From: MRAB on
Brian D wrote:
> Thanks MRAB as well. I've printed all of the replies to retain with my
> pile of essential documentation.
>
> To follow up with a complete response, I'm ripping out of my mechanize
> module the essential components of the solution I got to work.
>
> The main body of the code passes a URL to the scrape_records function.
> The function attempts to open the URL five times.
>
> If the URL is opened, a values dictionary is populated and returned to
> the calling statement. If the URL cannot be opened, a fatal error is
> printed and the module terminates. There's a little sleep call in the
> function to leave time for any errant connection problem to resolve
> itself.
>
> Thanks to all for your replies.

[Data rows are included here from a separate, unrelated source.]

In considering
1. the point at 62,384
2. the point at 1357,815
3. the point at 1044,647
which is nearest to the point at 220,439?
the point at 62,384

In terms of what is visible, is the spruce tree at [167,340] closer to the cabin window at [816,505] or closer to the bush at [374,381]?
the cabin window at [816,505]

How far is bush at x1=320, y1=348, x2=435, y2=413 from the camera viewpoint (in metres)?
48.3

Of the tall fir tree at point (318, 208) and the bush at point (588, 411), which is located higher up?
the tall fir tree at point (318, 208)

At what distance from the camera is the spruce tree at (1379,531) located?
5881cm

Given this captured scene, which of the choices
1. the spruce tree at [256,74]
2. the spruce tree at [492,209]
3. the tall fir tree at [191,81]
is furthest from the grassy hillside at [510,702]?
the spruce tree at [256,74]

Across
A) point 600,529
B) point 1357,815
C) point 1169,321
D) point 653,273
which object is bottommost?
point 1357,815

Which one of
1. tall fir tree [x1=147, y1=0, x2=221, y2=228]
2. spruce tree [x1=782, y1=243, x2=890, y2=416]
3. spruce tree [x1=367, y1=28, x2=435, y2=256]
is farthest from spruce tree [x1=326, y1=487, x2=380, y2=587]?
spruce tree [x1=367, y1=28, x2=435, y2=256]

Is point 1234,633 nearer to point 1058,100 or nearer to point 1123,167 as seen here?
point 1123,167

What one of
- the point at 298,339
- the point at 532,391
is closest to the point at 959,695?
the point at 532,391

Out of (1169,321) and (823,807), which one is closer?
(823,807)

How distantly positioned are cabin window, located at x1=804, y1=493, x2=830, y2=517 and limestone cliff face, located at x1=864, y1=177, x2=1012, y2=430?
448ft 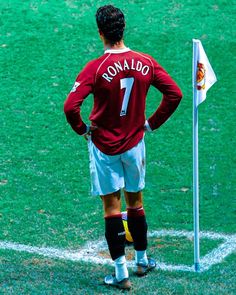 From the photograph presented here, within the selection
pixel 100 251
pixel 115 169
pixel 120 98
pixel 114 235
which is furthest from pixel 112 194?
pixel 100 251

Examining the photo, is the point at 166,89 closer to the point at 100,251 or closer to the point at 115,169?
the point at 115,169

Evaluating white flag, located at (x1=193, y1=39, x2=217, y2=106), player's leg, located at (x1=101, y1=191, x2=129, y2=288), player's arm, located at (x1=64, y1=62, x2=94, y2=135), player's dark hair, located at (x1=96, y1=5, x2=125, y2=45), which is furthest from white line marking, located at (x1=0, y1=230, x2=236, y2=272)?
player's dark hair, located at (x1=96, y1=5, x2=125, y2=45)

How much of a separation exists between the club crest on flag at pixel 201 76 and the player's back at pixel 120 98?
0.49 metres

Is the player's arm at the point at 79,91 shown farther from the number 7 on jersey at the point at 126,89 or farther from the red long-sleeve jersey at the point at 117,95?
the number 7 on jersey at the point at 126,89

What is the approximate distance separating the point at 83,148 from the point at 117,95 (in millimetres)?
4164

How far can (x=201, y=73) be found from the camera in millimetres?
6480

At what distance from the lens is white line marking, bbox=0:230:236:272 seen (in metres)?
7.12

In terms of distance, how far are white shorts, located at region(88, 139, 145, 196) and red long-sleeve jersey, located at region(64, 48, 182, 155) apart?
0.05 meters

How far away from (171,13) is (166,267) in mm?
6835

I hope this helps someone else:
>
> import urllib2, time
> from mechanize import Browser
>
> def scrape_records(url):
> maxattempts = 5
> br = Browser()
> user_agent = 'Mozilla/5.0 (Windows; U; Windows NT 5.1; en-US; rv:
> 1.9.0.16) Gecko/2009120208 Firefox/3.0.16 (.NET CLR 3.5.30729)'
> br.addheaders = [('User-agent', user_agent)]
> for count in xrange(maxattempts):
> try:
> print url, count
> br.open(url)
> break
> except urllib2.URLError:
> print 'URL error', count
> # Pretend a failed connection was fixed
> if count == 2:
> url = 'http://www.google.com'
> time.sleep(1)
> pass

'pass' isn't necessary.

> else:
> print 'Fatal URL error. Process terminated.'
> return None
> # Scrape page and populate valuesDict
> valuesDict = {}
> return valuesDict
>
> url = 'http://badurl'
> valuesDict = scrape_records(url)
> if valuesDict == None:

When checking whether or not something is a singleton, such as None, use
"is" or "is not" instead of "==" or "!=".

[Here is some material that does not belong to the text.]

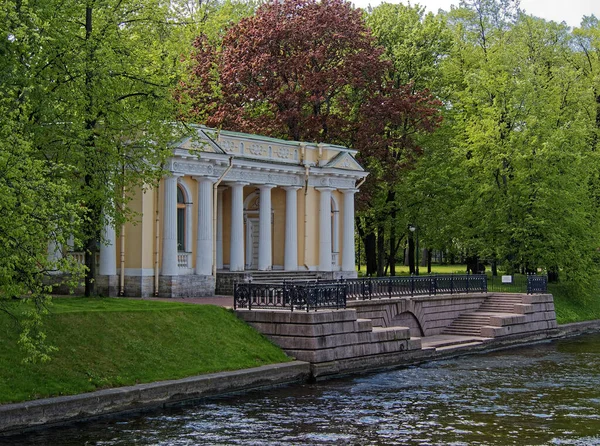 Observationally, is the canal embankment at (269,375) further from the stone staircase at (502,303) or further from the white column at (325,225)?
the white column at (325,225)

> print 'Failed to retrieve valuesDict'

From: Brian D on
On Dec 30, 7:08 pm, MRAB <pyt...(a)mrabarnett.plus.com> wrote:
> Brian D wrote:
> > Thanks MRAB as well. I've printed all of the replies to retain with my
> > pile of essential documentation.
>
> > To follow up with a complete response, I'm ripping out of my mechanize
> > module the essential components of the solution I got to work.
>
> > The main body of the code passes a URL to the scrape_records function.
> > The function attempts to open the URL five times.
>
> > If the URL is opened, a values dictionary is populated and returned to
> > the calling statement. If the URL cannot be opened, a fatal error is
> > printed and the module terminates. There's a little sleep call in the
> > function to leave time for any errant connection problem to resolve
> > itself.
>
> > Thanks to all for your replies. I hope this helps someone else:
>
> > import urllib2, time
> > from mechanize import Browser
>
> > def scrape_records(url):
> >     maxattempts = 5
> >     br = Browser()
> >     user_agent = 'Mozilla/5.0 (Windows; U; Windows NT 5.1; en-US; rv:
> > 1.9.0.16) Gecko/2009120208 Firefox/3.0.16 (.NET CLR 3.5.30729)'
> >     br.addheaders = [('User-agent', user_agent)]
> >     for count in xrange(maxattempts):
> >         try:
> >             print url, count
> >             br.open(url)
> >             break
> >         except urllib2.URLError:
> >             print 'URL error', count
> >             # Pretend a failed connection was fixed
> >             if count == 2:
> >                 url = 'http://www.google.com'
> >             time.sleep(1)
> >             pass
>
> 'pass' isn't necessary.
>
> >     else:
> >         print 'Fatal URL error. Process terminated.'
> >         return None
> >     # Scrape page and populate valuesDict
> >     valuesDict = {}
> >     return valuesDict
>
> > url = 'http://badurl'
> > valuesDict = scrape_records(url)
> > if valuesDict == None:
>
> When checking whether or not something is a singleton, such as None, use
> "is" or "is not" instead of "==" or "!=".
>
> >     print 'Failed to retrieve valuesDict'
>
>

I'm definitely acquiring some well-deserved schooling -- and it's
really appreciated. I'd seen the "is/is not" preference before, but it
just didn't stick.

I see now that "pass" is redundant -- thanks for catching that.

Cheers.
From: Steve Holden on
Brian D wrote:
[...]
> I'm definitely acquiring some well-deserved schooling -- and it's
> really appreciated. I'd seen the "is/is not" preference before, but it
> just didn't stick.
>
Yes, a lot of people have acquired the majority of their Python
education from this list - I have certainly learned a thing or two from
it over the years, and had some very interesting discussions.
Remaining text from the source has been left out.